The West is insisting on reviving a nuclear pact with Iran. However, this will only postpone the inevitable moment when the regime declares it has a nuclear bomb. The only solution is regime change.

Talks to renew the 2015 pact have lasted for 16 months but some crucial sticking points remain.

Hamed Mohammadi

-OpEd-

Rafael Grossi, the head of the International Atomic Energy Agency (IAEA), the UN's nuclear inspectorate, declared on Sept. 7 that Iran already had more than enough uranium for an atomic bomb.
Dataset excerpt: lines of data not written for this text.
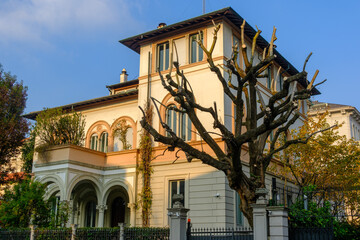 Old residential buildings along Via Bernardino Telesio in Milan, Italy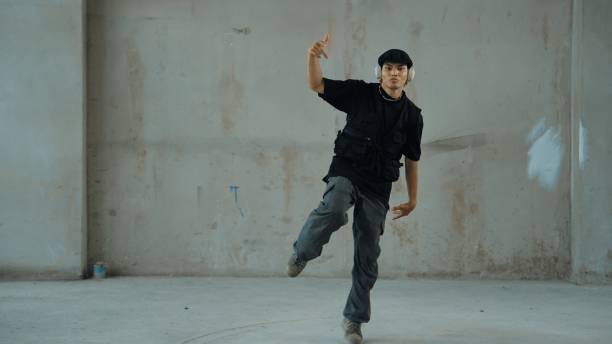 istock Hipster practicing break dancing while listening music from headphone. Endeavor. 2153026795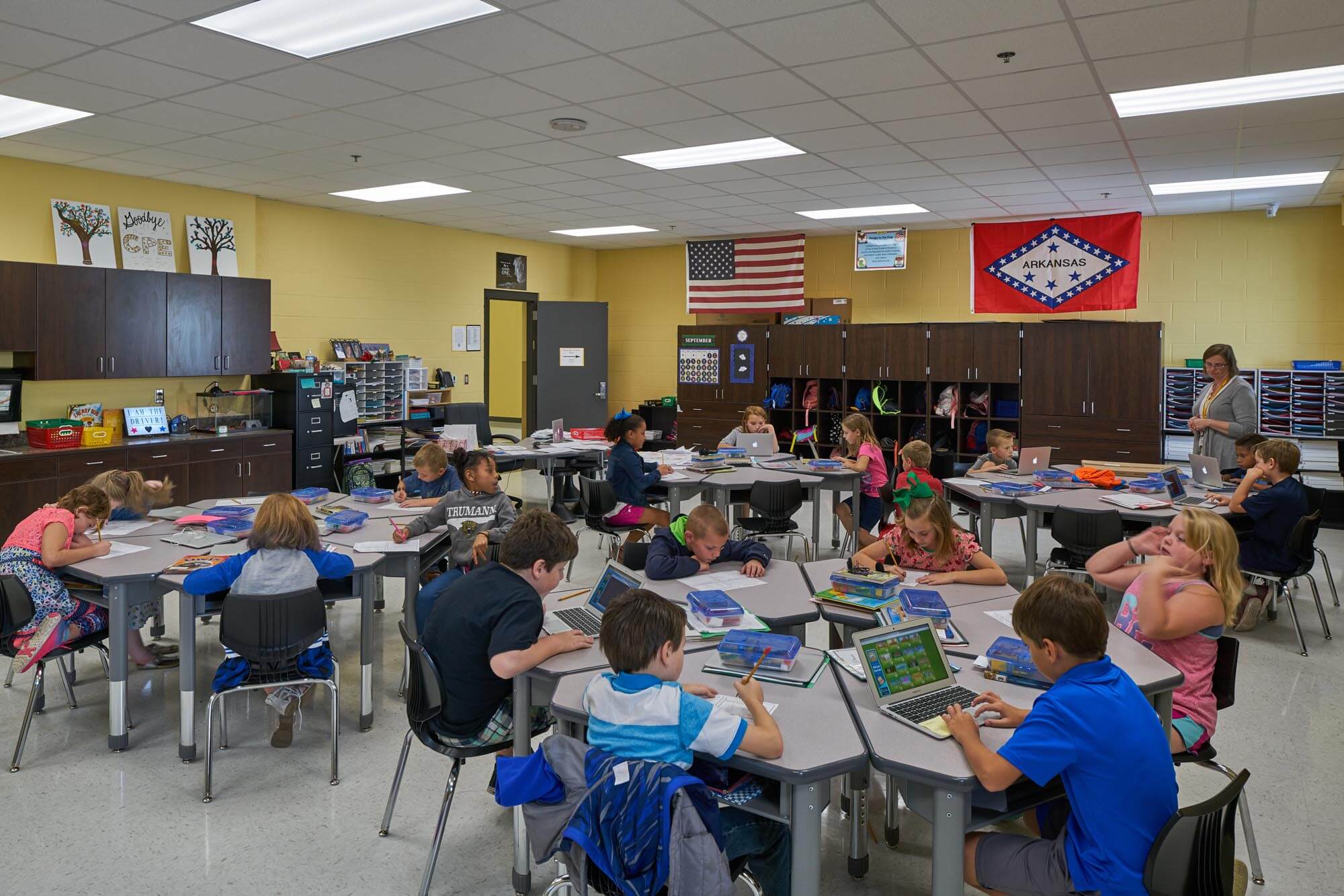 Elementary students working at tables with laptops and notebooks while teacher observes in classroom with Arkansas flag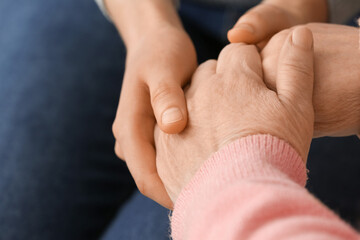 Young woman holding hands of grandmother, closeup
He said the IAEA could no longer confirm that the Islamic Republic has a strictly peaceful nuclear program as it has always claimed because the agency could not properly inspect sites inside Iran.

The Islamic Republic may have shown flexibility in some of its demands in the talks to renew the 2015 nuclear pact with world powers, a preliminary framework reached between Iran and the P5+1 (the U.S., the U.K., China, Russia, France and Germany). For example, it no longer insists that the West delist its Revolutionary Guards as a terrorist organization. But it has kept its crucial promise that unless Western powers lift all economic sanctions, the regime will boost its uranium reserves and their level of enrichment, as well as restrict the IAEA's access to installations.

Talks to renew the 2015 pact have been going on for 16 months. European diplomacy has resolved most differences between the sides, but some crucial sticking points remain.